Strohmayer, Alois (Aloys) (1822–1890), Violinist und Komponist

Strohmayer Alois (Aloys), Violinist und Komponist. Geb. Lichtental, NÖ (Wien), 27. 4. 1822 (Taufdatum); gest. Wien, 16. 3. 1890; röm.-kath. Sohn des Privatlehrers Martin S., der mit Franz Schubert (s. d.) in der Lichtentaler Kirche musiziert hatte, Vater von Anton S. (s. d.). – S., ein ausgez. Geiger, schrieb als 17jähriger erste klass. Kompositionen, bevor er zur Volksmusik wechselte. Zunächst in der Sänger- und Musikges.
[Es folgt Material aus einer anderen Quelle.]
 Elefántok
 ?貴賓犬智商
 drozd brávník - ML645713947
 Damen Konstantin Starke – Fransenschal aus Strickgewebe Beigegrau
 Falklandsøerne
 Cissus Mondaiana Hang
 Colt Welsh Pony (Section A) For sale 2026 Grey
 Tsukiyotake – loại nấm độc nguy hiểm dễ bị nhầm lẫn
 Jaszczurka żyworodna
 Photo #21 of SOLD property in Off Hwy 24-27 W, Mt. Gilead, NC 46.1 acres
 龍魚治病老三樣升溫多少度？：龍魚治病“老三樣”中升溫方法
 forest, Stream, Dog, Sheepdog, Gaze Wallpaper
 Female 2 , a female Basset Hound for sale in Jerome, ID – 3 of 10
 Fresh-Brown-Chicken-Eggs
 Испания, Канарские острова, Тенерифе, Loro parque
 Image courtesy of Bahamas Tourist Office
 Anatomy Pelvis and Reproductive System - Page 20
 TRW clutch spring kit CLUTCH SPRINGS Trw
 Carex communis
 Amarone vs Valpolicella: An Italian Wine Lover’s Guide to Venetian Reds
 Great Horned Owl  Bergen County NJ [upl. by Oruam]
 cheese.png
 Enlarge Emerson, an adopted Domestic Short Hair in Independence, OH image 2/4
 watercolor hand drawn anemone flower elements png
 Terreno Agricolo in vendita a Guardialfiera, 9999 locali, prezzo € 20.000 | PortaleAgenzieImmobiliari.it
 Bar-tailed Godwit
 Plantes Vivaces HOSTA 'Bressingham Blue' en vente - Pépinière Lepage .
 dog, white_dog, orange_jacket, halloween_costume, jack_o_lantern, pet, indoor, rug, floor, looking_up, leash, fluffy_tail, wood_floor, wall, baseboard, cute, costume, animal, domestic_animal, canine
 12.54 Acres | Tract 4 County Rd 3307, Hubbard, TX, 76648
Vogel, S., Schwarzinger und Grünner, 1839 mit Gäutner und Schütz als „steirische National-Sänger“ sowie mit Josef Sperl und Josef Weidinger in Neulerchenfeld (Wien 16) tätig, führte S. später verschiedene eigene Ensembles mit den besten Volksmusikanten seiner Zeit: das National-Quartett und -Quintett Dänzer und S., das Nußdorfer Terzett S., das Nußdorfer Quartett Gebrüder Butschetty und S. sowie das Quartett Mayer und S. Die Bedeutung S.s für die Geschichte der Wr. Volksmusik liegt darin, im National-Quartett nicht nur die Schrammel-Quartett-Besetzung mit G-Klarinette (dem „picksüßen Hölzl“, alternativ dazu Flöte), zwei Geigen und Kontragitarre vorweggenommen, sondern in seinen über 200 überlieferten Kompositionen auch schon die gesamte Bandbreite der späteren Schrammelmusik (Tänze, Walzer, Märsche, Polkas) vorgelegt zu haben. Neben Anton zählte auch S.s Sohn Karl S. (1858–1945) zu den besten Kontragitarristen Wiens und bildete mit seinen Söhnen Rudolf, Josef und Alois das S.-Quartett. Rudolf S. (1882–1964) wurde überdies als hervorragender Harmonika-Virtuose und Komponist von Heurigenmärschen sowie der populären Slibowitz-Polka bekannt.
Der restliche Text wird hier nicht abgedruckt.